### DIRECTIONS FOR THIS TASK:
All the data that follows should be repeated exactly, without a single picture.

### DATA EXTRACT:
=== Section Start ===
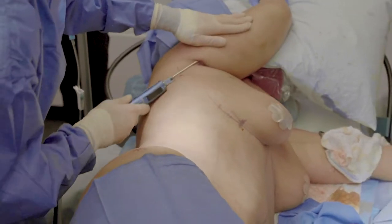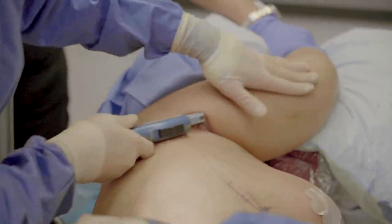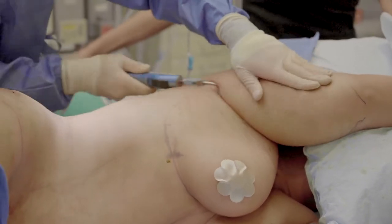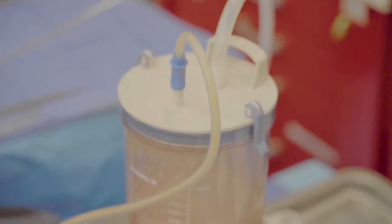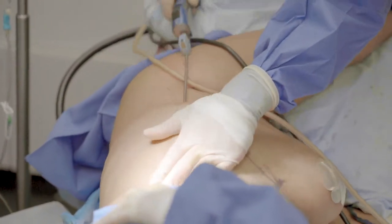A little bit of arm lipo. I don't go 360 degrees — I go underneath the arm, the biceps and triceps area. But on the outside, you don't want to dimple that skin because the fat area is very intricately connected to the skin, so you don't want to lipo that area or you'll get dents. I do about a 280-degree liposuction of the arm, not a 360.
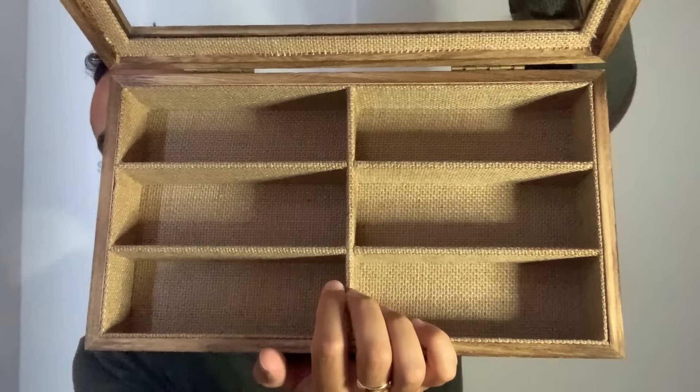We also have a wonderful glasses storage case here. It has a felt base, beautiful wooden exterior, two hinges on the back, a glass cover, and six bays for storing and displaying spectacles.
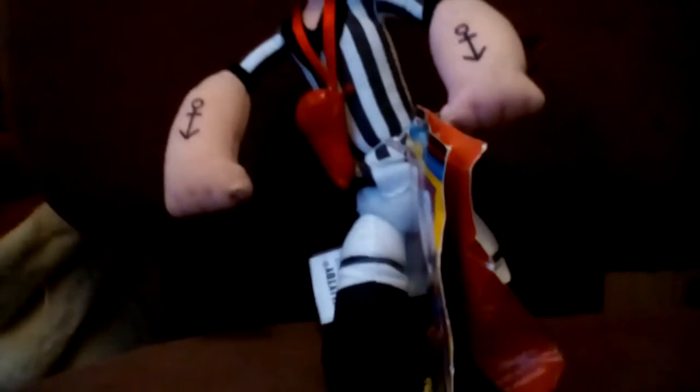Hey guys, it's me, SpikeTortiaryFan, and today we're going to be doing another review. Today we're going to be reviewing the 2004 Kelly Toy Popeye the Sailor Man Sports Series.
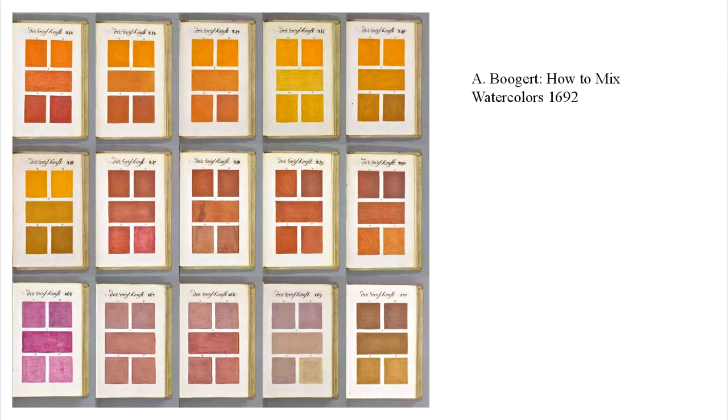Then we come to A. Boogert, a Dutch artist who made his entire book all about mixing watercolors. He did this simply by taking a color and mixing it with another color, adding different amounts of water to it. So you get an orange, and then maybe you add one more part yellow and one drop of water, then another orange with two parts yellow and two drops of water. He methodically did every color he possibly could and came up with 800 pages of color and writing about how to create all these different variations of tone and value.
=== Section End ===
### RESULT OF THE TASK:
A little bit of arm lipo. I don't go 360 degrees — I go underneath the arm, the biceps and triceps area. But on the outside, you don't want to dimple that skin because the fat area is very intricately connected to the skin, so you don't want to lipo that area or you'll get dents. I do about a 280-degree liposuction of the arm, not a 360.
We also have a wonderful glasses storage case here. It has a felt base, beautiful wooden exterior, two hinges on the back, a glass cover, and six bays for storing and displaying spectacles.
Hey guys, it's me, SpikeTortiaryFan, and today we're going to be doing another review. Today we're going to be reviewing the 2004 Kelly Toy Popeye the Sailor Man Sports Series.
Then we come to A. Boogert, a Dutch artist who made his entire book all about mixing watercolors. He did this simply by taking a color and mixing it with another color, adding different amounts of water to it. So you get an orange, and then maybe you add one more part yellow and one drop of water, then another orange with two parts yellow and two drops of water. He methodically did every color he possibly could and came up with 800 pages of color and writing about how to create all these different variations of tone and value.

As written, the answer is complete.